We agree with the latter view although the impact would cost midsize and small business some $17 Billion to accommodate the new increase. Conservatives have equally sought tax breaks for this group of businessmen to ease the impact of another likely mandate increase in wages. The tax breaks being sought ought to help the smaller businesses muddle through another round of unsolicited mandated increase in hourly wages.
The robust national economy hasn’t descended on these isles and not by any stretch of the imagination. The fact that we’re in the Pacific Rim has definitely adversely affected our fragile economic foundation when Japan and Asia were hit by the worse economic flu three years ago.
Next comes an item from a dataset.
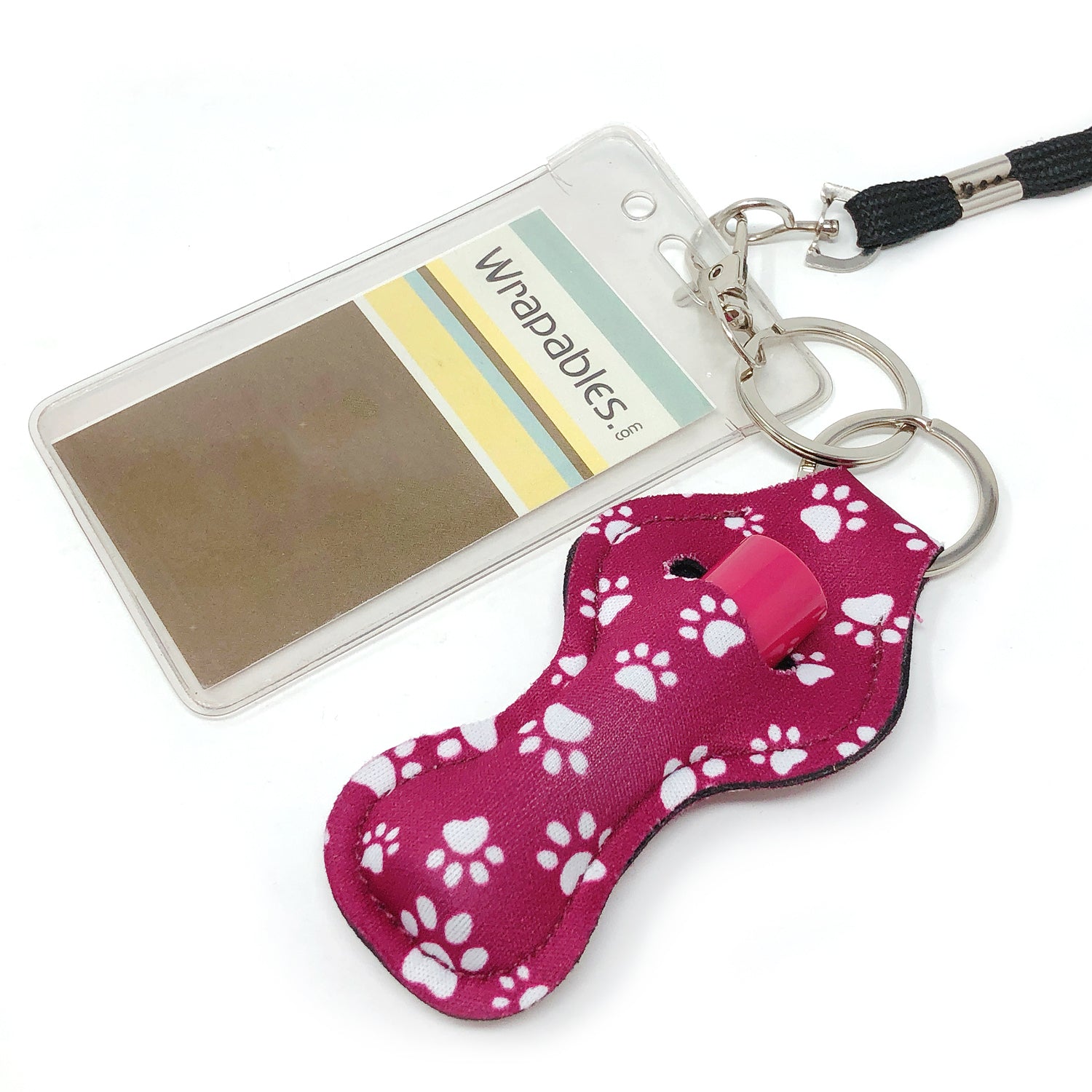 Wrapables 10 Pack Chapstick Holder Keychain with 10 Pieces Metal Clasps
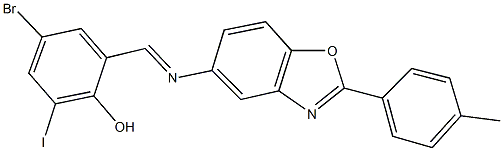 4-bromo-2-iodo-6-({[2-(4-methylphenyl)-1,3-benzoxazol-5-yl]imino}methyl)phenol 结构式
Coupled with the unstabling effects of a planned federal takeover which began in 1993 until recently, investors have basically overruled funneling their hard-earned funds in these isles, not to mention our penchant to add salt to injury through protectionist measures.
Frankly, it would be foolhardy to even entertain the notion of including the NMI under the proposed increase in federal wages. And not when revenue generation from our primary tourism industry has gone deep south. Furthermore, we humbly ask the Clinton administration to ascertain equal application of federal policies in these isles in much the same way that it granted American Samoa its industry wage. The argument by detractors that our situation is different because the NMI economy is larger than American Samoa is fluid at best. The principle of equal application of federal policies must be exercised no differently in any and all insular areas.
Finally, the cumulative benefits and salaries of guest workers here pans out to about $6.61 an hour. And additional increase would give this group of workers about $7.61 an hour, far exceeding the proposed federal statutory increase. Regardless of whether such increase is imposed on the service or manufacturing sector here, the net effect would still be the same: a forced economic meltdown of the NMI’s fragile economy. And the NMI is one group of US Citizens who never benefited from the “economic good times”. In fact, there seems to be a well planned scheme to “leave us behind”.
As difficult as it may seem for our detractors to see our situation through our lenses, our best hope lies in the good hearts of our friends in the US Congress who equally despise constant strangling federal laws and regulations. Si Yuus Maase`!